The diary, it turned out, was a series of reflections and poems cycling through the Anglican liturgical year (Rossetti was a devout High Anglican, quite an unusual thing at a time when much of the English intellectual elite of the day was turning away from the state church towards Catholicism). I had recently become a fairly low Anglican myself but was starting, through a few church experiences I had at the time, to see the value in liturgy as a way of helping guide our devotional lives, and as something of an anchor through the passing of time.
I have to-ed and fro-ed in my thinking on the subject, staying in the years since in the low-to-Charismatic end of the Anglican church. But something happened to me this year that set me on a path towards the project that I have now embarked upon: I set myself the task during Lent 2012 of not giving something up, rather taking up writing a poem for each of the 40 days of the season. The exercise proved so valuable both spiritually and artistically that I decided I wanted to keep up the discipline. Shortly before Easter I reflected that I could always write a poem for each day of the Liturgical calendar. Very quickly, that idea, half-formed at a bus stop in Sydney during the Easter holidays, turned into a task that I was very publicly undertaking.
There are distinct challenges to this kind of task. One challenge – the least of them, I suspect – is the discipline required. This is more of a benefit than a challenge; regular writing is good for me, and having several “deadlines” per week helps ensure that I actually am writing, not just belly-aching about wanting to write. The more serious challenge lies in the nature of the Liturgical calendar. Among the many good and helpful nods to giants of the faith – the early church leaders, the key theologians and thinkers of the past, the reformers and prophets of recent history – and the all-too-important reminders of Jesus’ life and ministry, there are occasional curve-balls, the feast days for saints who, on closer inspection, may almost be better forgotten. There’s the challenge of regularly familiarising myself with figures who, perhaps a few days earlier, I had never heard of, the creative challenges of turning hurried research into something artistically meaningful and worthwhile.
There is also the knowledge that I am not doing something entirely new. Christina Rossetti set herself a remarkably similar task, as did John Keble, whose sequence of poems, The Christian Year, receives something of a nod in the title for my project, The Swelling Year (a reference to one of the first poems in the sequence).

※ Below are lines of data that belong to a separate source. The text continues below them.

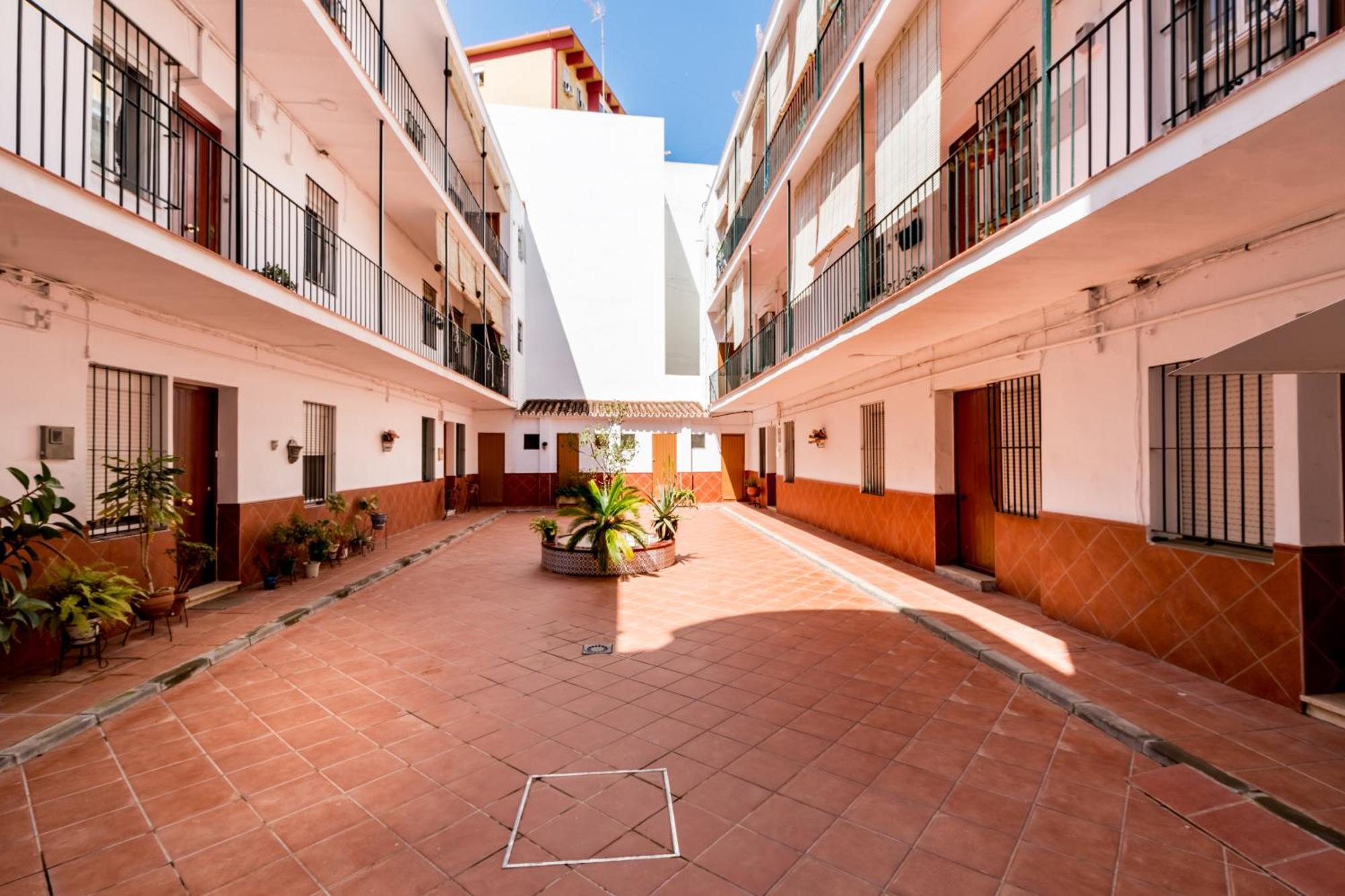 Ferienwohnung Holi-Rent Salado Sevilla Exterior foto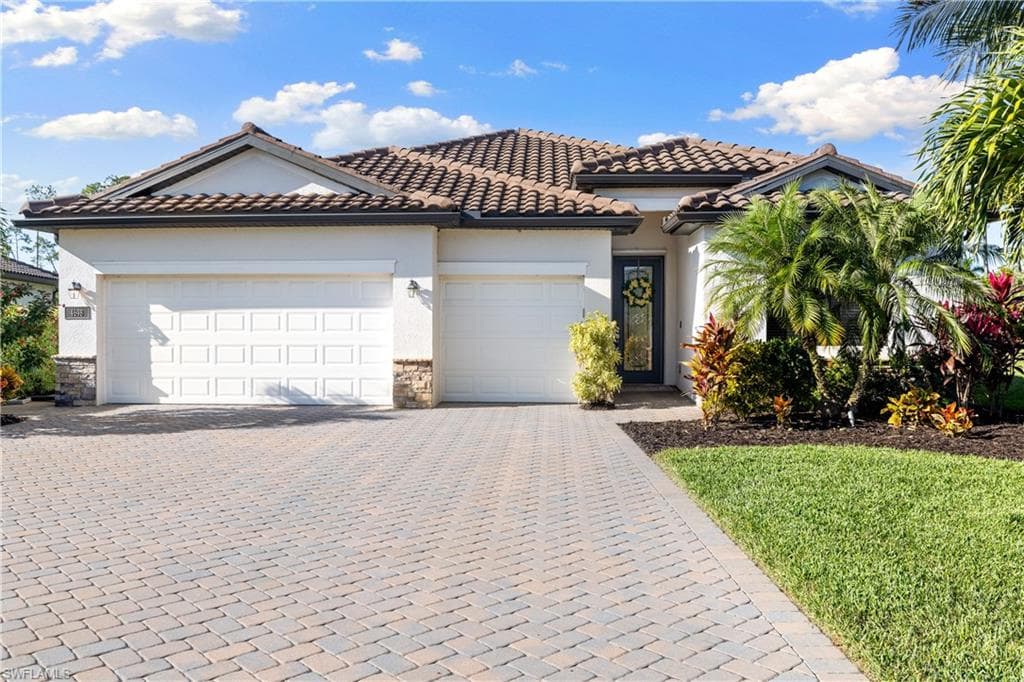 4698 Abaca CIR, NAPLES FL 34119-24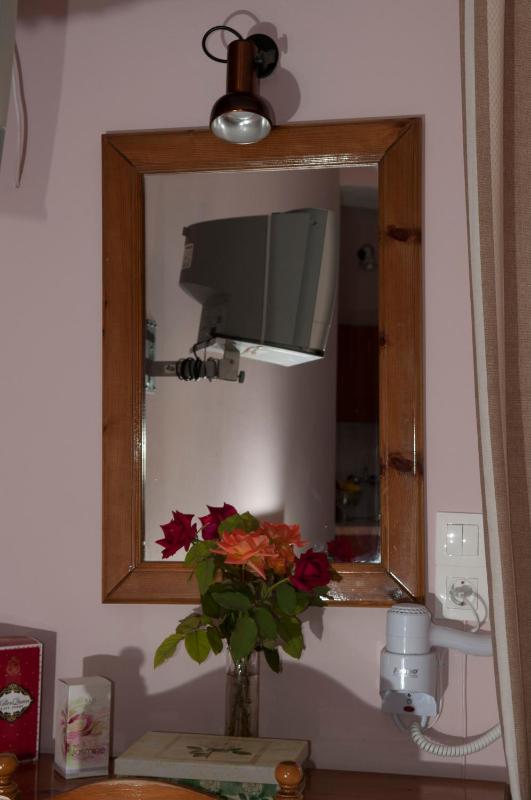 Studio (2 Adults) image 2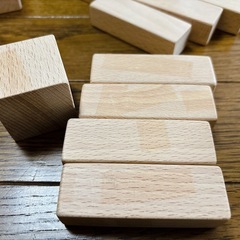 積み木　トラックの画像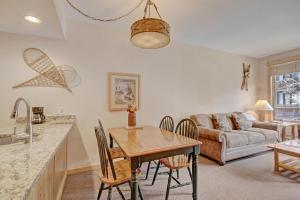 Gallery image of Tx212 Taylors Crossing Condo in Copper Mountain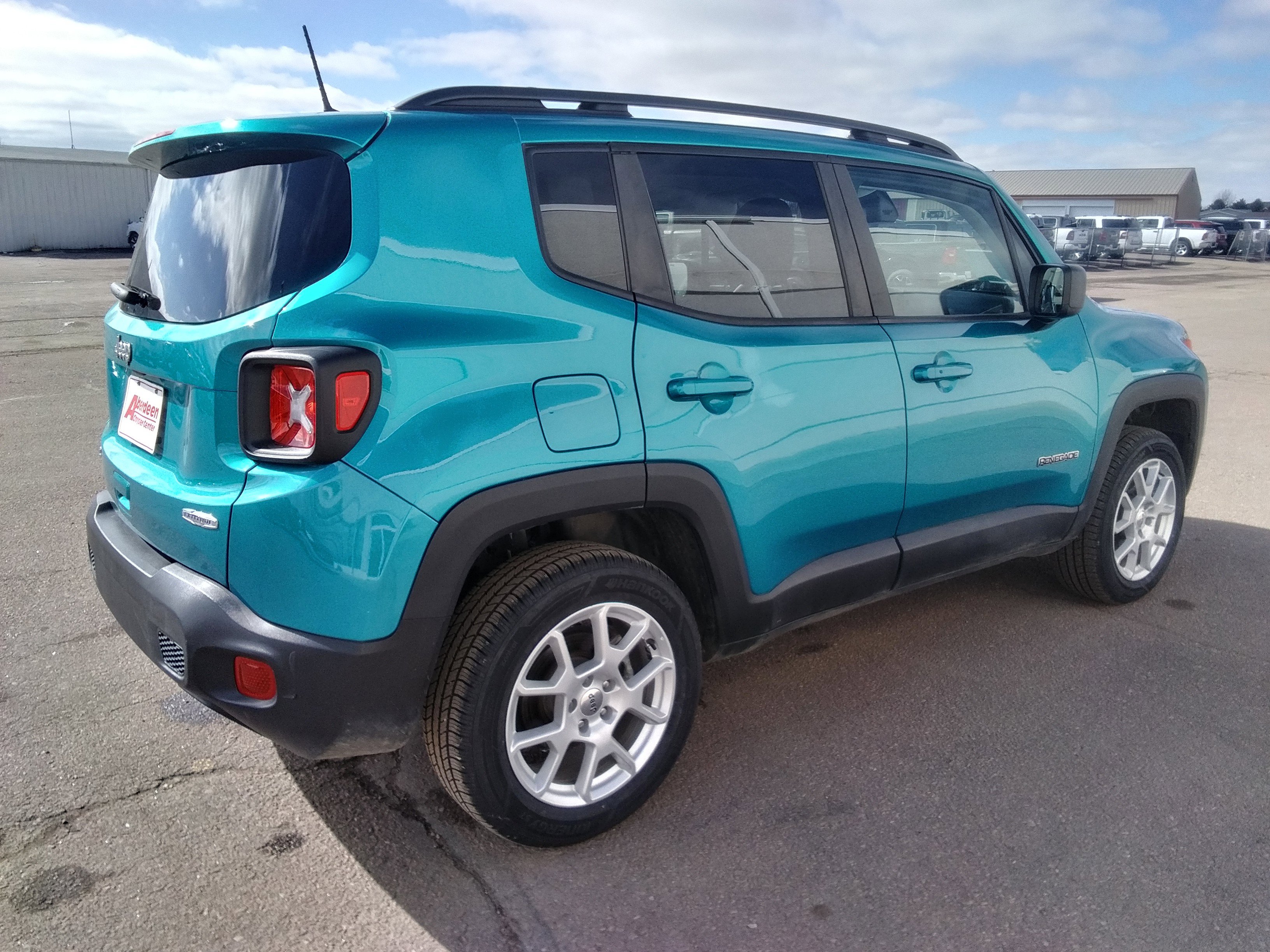 Used 2022 Jeep Renegade Latitude w/ Convenience Group AWD/4WD image 5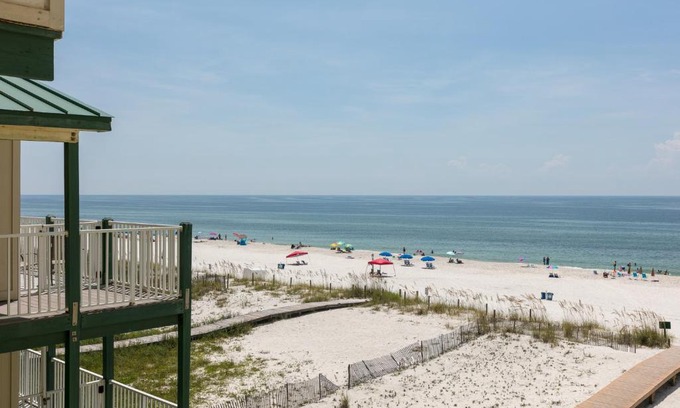 Gulf Shores Hotel | Beachfront Retreat at Sundial #3H with Amazing Amenities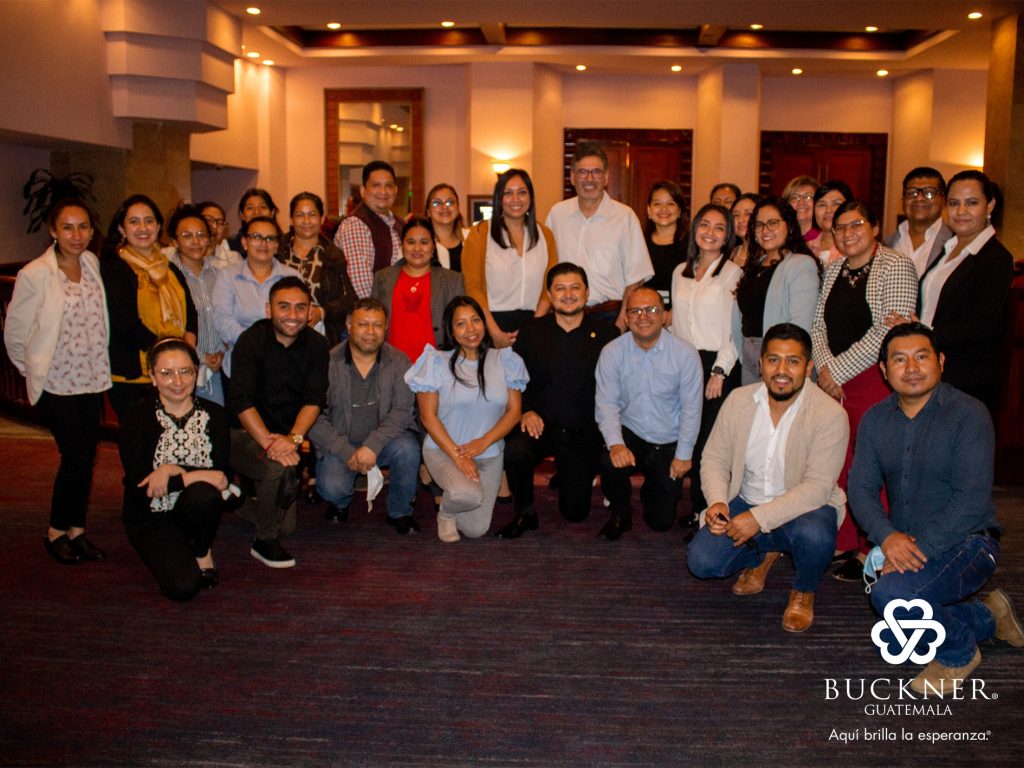 Dr. Albert L. Reyes con el staff de Bukner Guatemala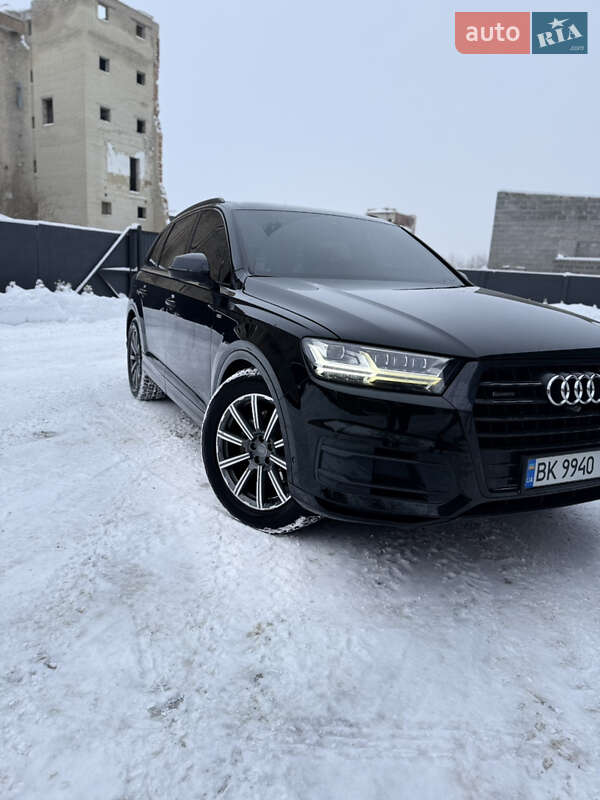 Внедорожник / Кроссовер Audi Q7 2017 в Дубно фото 11 Внедорожник / Кроссовер Audi Q7 2017 в Дубно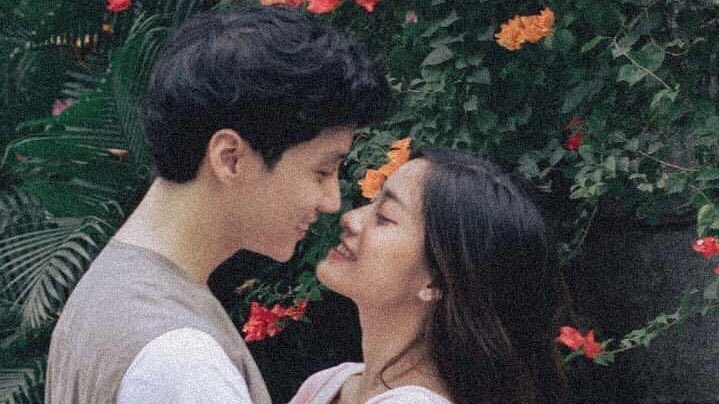 " ආදරේට ආදරේ කරන මිනිස්සු හම්බුනාම‍,
   ආදරේ හරි සුන්දරයි.
   ඒත් ආදරේට ආදරේ කරන මිනිස්සු හරි අඩුයි! "🤍🌻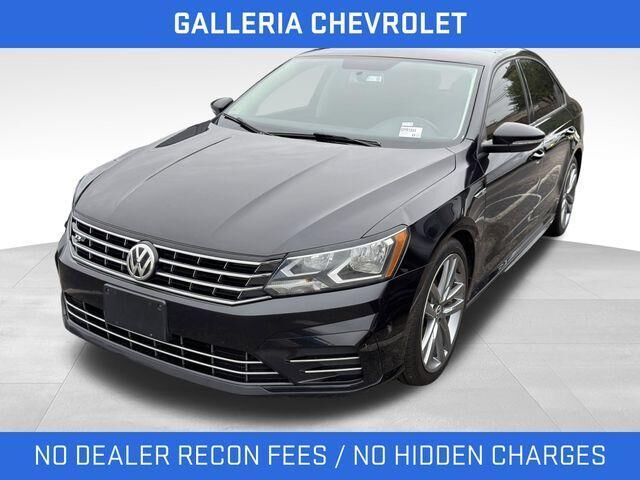 2018 VOLKSWAGEN Passat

Will each poem that I write be any good? Will others benefit from what I am doing? These questions will, of course, fill my mind as I go.
There is also an issue of integrity: will I, at times, be testifying to things which, on the day I write them, may be far from my mind or heart? This last issue, however, is less problematic than it seems. If the Liturgical year is of any value, it is as that anchor I mentioned before, not so much to the past as to the core of Christian life. It holds us in the Word of God, by prompting us to look back each day at truths that we might prefer on that occasion to ignore. It also reminds us of the lives of those who have gone before us, fought the fight, run the race and are remembered for it. This, on days when I feel like doing anything other than fighting the fight or running the race, is a very good thing. If I find in my poetry truths which would otherwise be far from me, then I am not being dishonest; I am, in fact, being more truthful in my poetry that day than I am in my heart.
And so the year swells ahead, pregnant with challenges, truth and expectation. Let’s watch it fold and unfold, swell and unswell, before us, one poem at a time.